The godly and the ungodly at present are mingled together; in the congregation and in the place of worship, in the city and in the field, the children of God and the children of the world are all side by side; but it will not always be like this. When our Lord returns, there will at length be a complete division. In a flash, in the twinkling of an eye, at the last trumpet, each party will be separated from the other forevermore. Wives will be separated from husbands, parents from children, brothers from sisters, masters from servants, preachers from hearers. There will be no time for repentance or a change of mind when the Lord appears: everyone will be taken as they are, and reap according as they have sown. Believers will be caught up to glory, honor and eternal life; unbelievers will be left behind to shame and everlasting contempt. Happy are those who are of one heart in following Christ!
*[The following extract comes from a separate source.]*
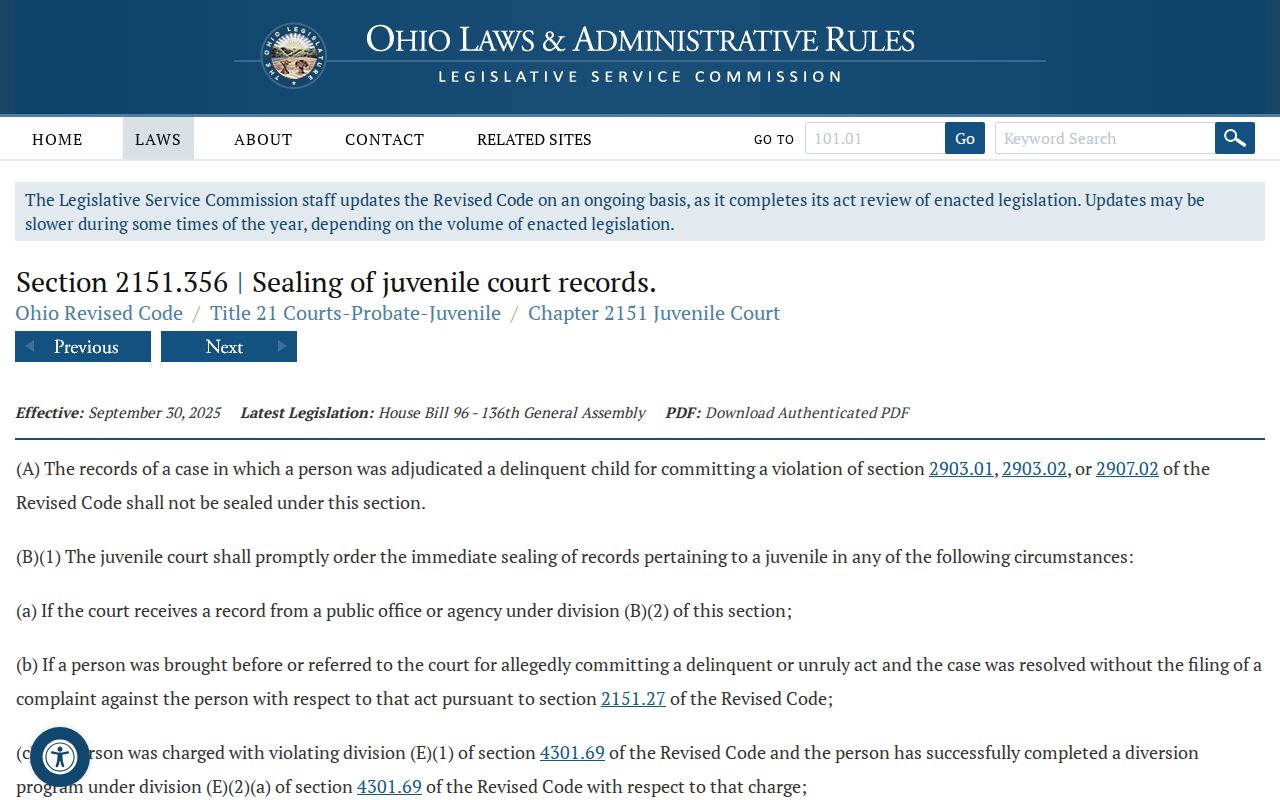 Huron County juvenile court records sealing statute source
Their union alone will never be broken: it will last forevermore. Who can describe their happiness when the Lord returns? Who can imagine the misery of those who are left behind? May we think on these things, and consider our ways!
3. The Duty of Watchfulness
The last thing that demands our attention in these verses is the practical duty of watchfulness in view of Christ’s second coming. "Keep watch," says our Lord, "because you do not know on what day your Lord will come" (verse 42). "Be ready, because the Son of Man will come at an hour when you do not expect him" (verse 44).
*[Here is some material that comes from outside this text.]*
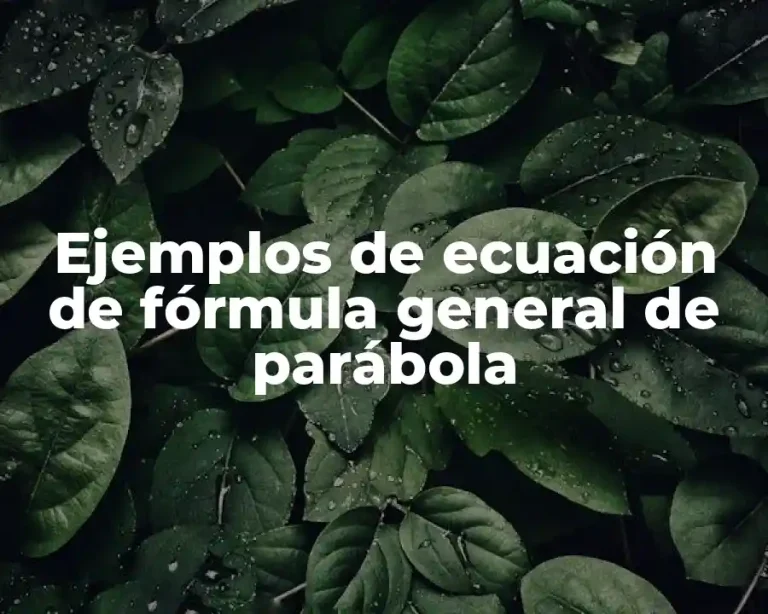 Ejemplos de ecuación de fórmula general de parábola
This is a point which our blessed Master frequently presses: we hardly ever find him dwelling on the second coming without adding a warning to "watch." He knows the sleepiness of our nature; he knows how soon we forget the most solemn subjects in religion; he knows how unceasingly Satan labors to obscure the glorious doctrine of his second coming. He exhorts us to keep awake, if we do not want to be ruined forevermore. May we all have an ear to hear his words!
True Christians ought to live like watchmen. The day of the Lord is coming like a thief in the night: they should try always to be on their guard; they should behave like the sentinel of an army in an enemy’s land, resolving by God’s grace not to sleep at their post. That text of St. Paul’s deserves many a thought: "Let us not be like others, who are asleep, but let us be alert and self-controlled" (1 Thessalonians 5:6).
True Christians ought to live like good servants whose master is not at home. They should try always to be ready for their Master’s return: they should never give way to the feeling, "My master is staying away a long time" (verse 48); they should seek to keep their hearts in such a frame that whenever Christ appears they can at once give him a warm and loving reception. There is a vast depth in the saying, "It will be good for that servant whose master finds him doing so when he returns" (verse 46). We may well doubt whether we are true believers in Jesus if we are not ready at any time to have our faith changed into sight.
Let us close the chapter with solemn feelings. What we have just been reading calls for great heart-searching. Let us make sure that we are in Christ, and will have an ark of safety when the day of wrath breaks on the world; let us try so to live that we may be pronounced "blessed" at the last, and not east off forevermore. Not least, let us dismiss from our minds the common idea that unfulfilled prophecy is speculative and not practical: if the things we have been considering are not practical, there is no such thing as practical religion at all. "Everyone who has this hope in him purifies himself, just as he is pure" (1 John 3:3).